SFU must coordinate any efforts to respond to a major emergency situation with outside fire, police, and paramedics. A study by the municipal fire department found that its response times to SFU and UniverCity failed to meet industry standards the vast majority of the time, according to documents obtained by Burnaby Now, leading some to advocate for stationing a permanent fire hall on the mountain.

Lalonde noted that although a scenario where people became trapped on the mountain was unlikely, it is something the university planned for. “This is one of a myriad of concerns I have about the campus here. This is certainly one of the more ‎significant, it has the most catastrophic potential impact,” he concluded.

Calls to action

The numerous challenges associated with responding to an incident on the mountain combined with the increased risk of the expanded tank farm has prompted calls for the university to take action.

Takaro contended that the university is not prepared for worst-case scenarios such as dilbit leaks caused by an earthquake or a large scale wildfire.
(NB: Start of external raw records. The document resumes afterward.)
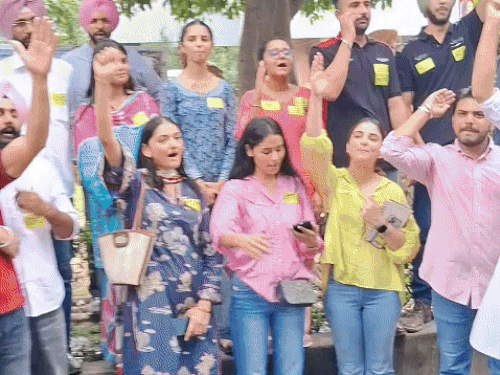 पंजाब यूनिवर्सिटी में सभी पार्टियों ने किया चुनाव प्रचार तेज। - Dainik Bhaskar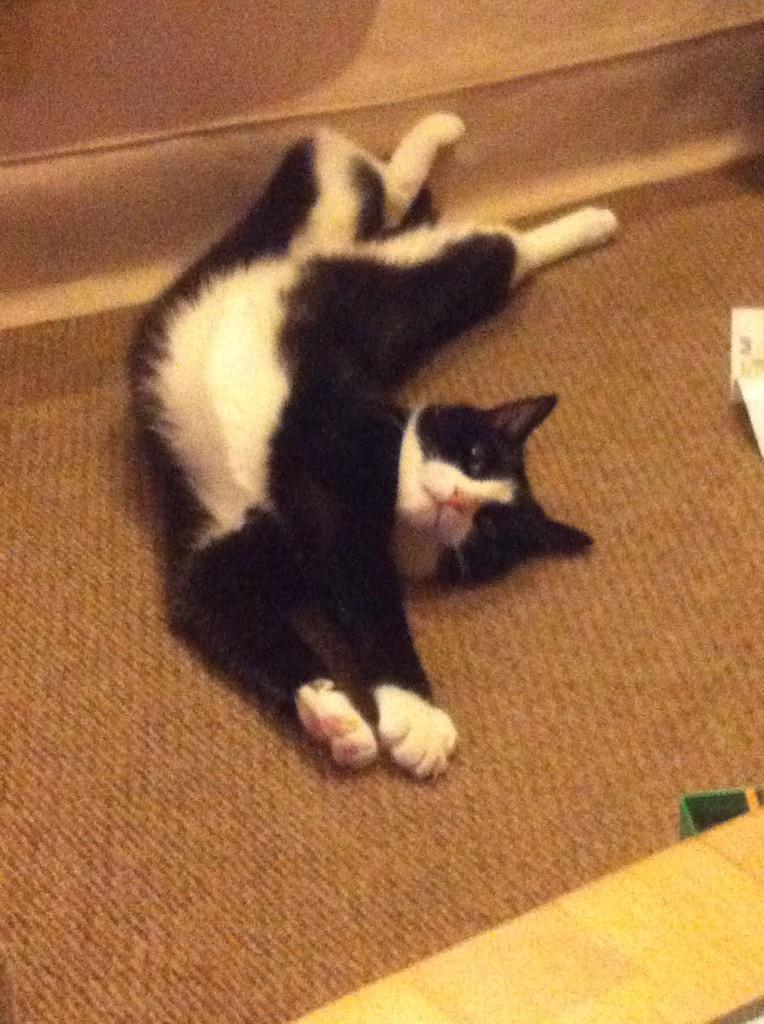 sb____91's tweet image. My boyfriends cat is the cutest &amp;lt;3 #missingeveryonesomuch @jaszboy2000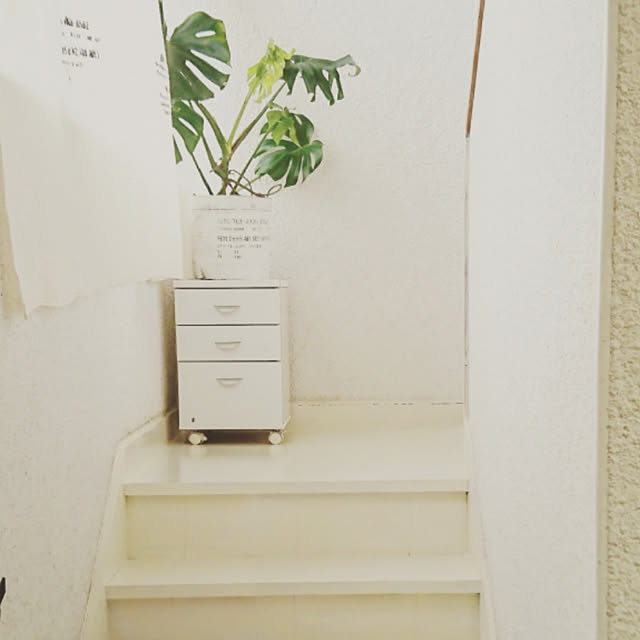 0103_eriさんの実例写真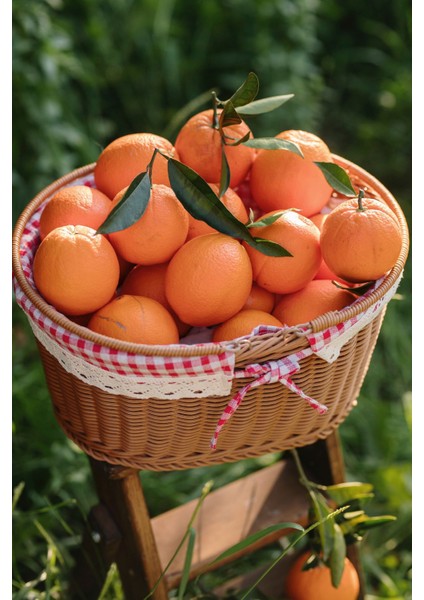 5 kg Portakal 5 kg Mandalina indirimleri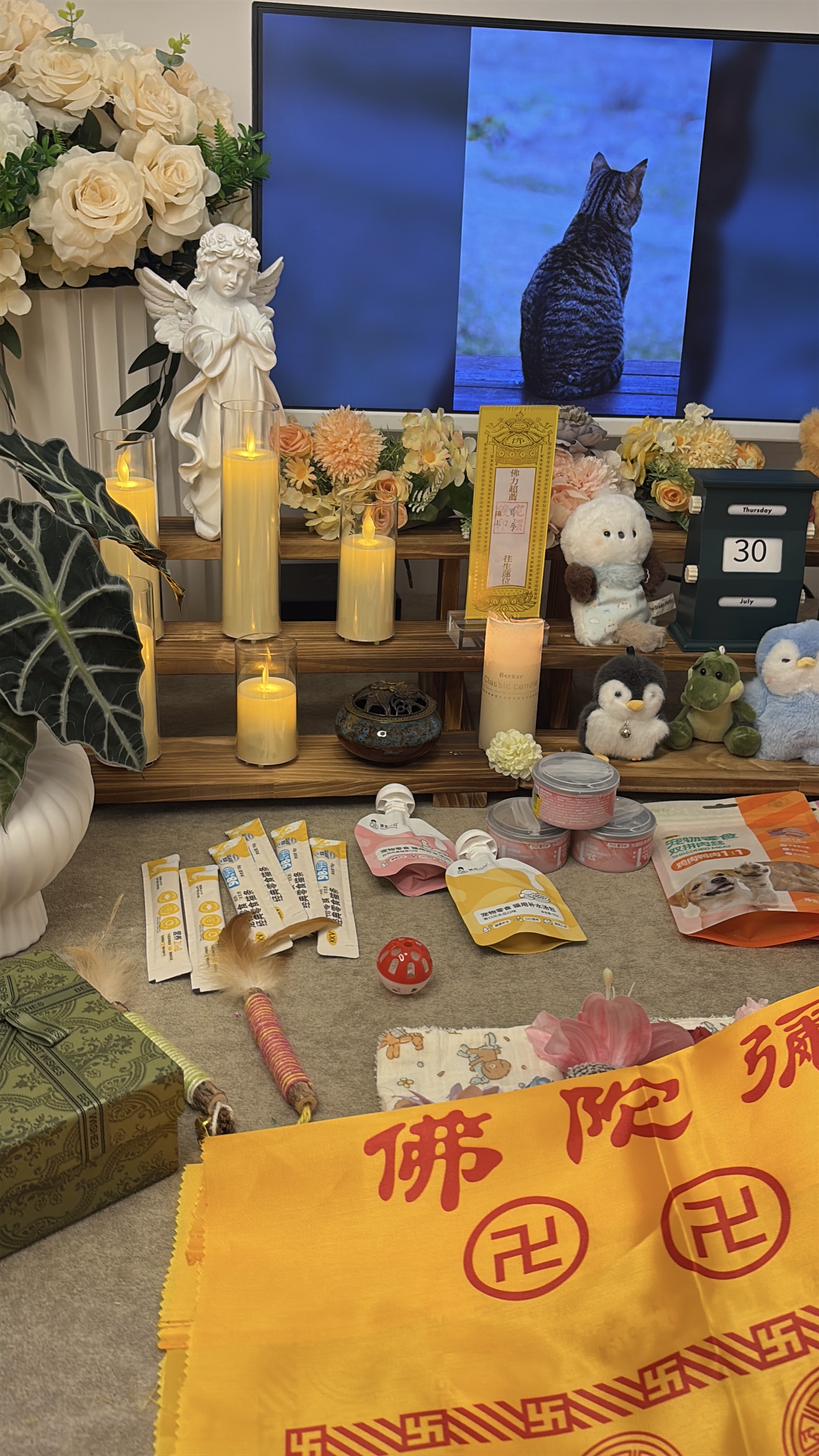 猫咪去世处理费用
He added that people on campus need to be more aware of how they should respond in an emergency.

“I don’t think the broader community understand what they will be expected to do in either the mass evacuation nor shelter-in-place responses,” Takaro said.

Jaclyn Parks, a graduate student in health sciences, is also worried that people on campus do not know about the risk of the tank farm or the university emergency procedures. “When people talk about pro- or ‎anti-pipeline they are thinking about a spill along the pipe,” she said, “but not a lot of people have talked about an ‎actual fire.”

“I don’t think the students have any idea that all of this is happening,” she said. “I don’t even have an idea of what happens if there is an alarm . . .”

Takaro called upon the university and the city, both public opponents of the tank farm expansion, to join forces in challenging the expansion project, in addition to undertaking fire risk mitigation measures. At the public forum, he encouraged people to recognize the interconnectedness of climate change, the fire risk, and the tank farm and oppose the pipeline expansion.

‎ “As you now know, we are becoming the owners of Kinder Morgan’s pipeline [now that the Canadian government has bought the pipeline] and it means that ‎our responsibility to stop it is even greater than it has ever been,” Takaro concluded.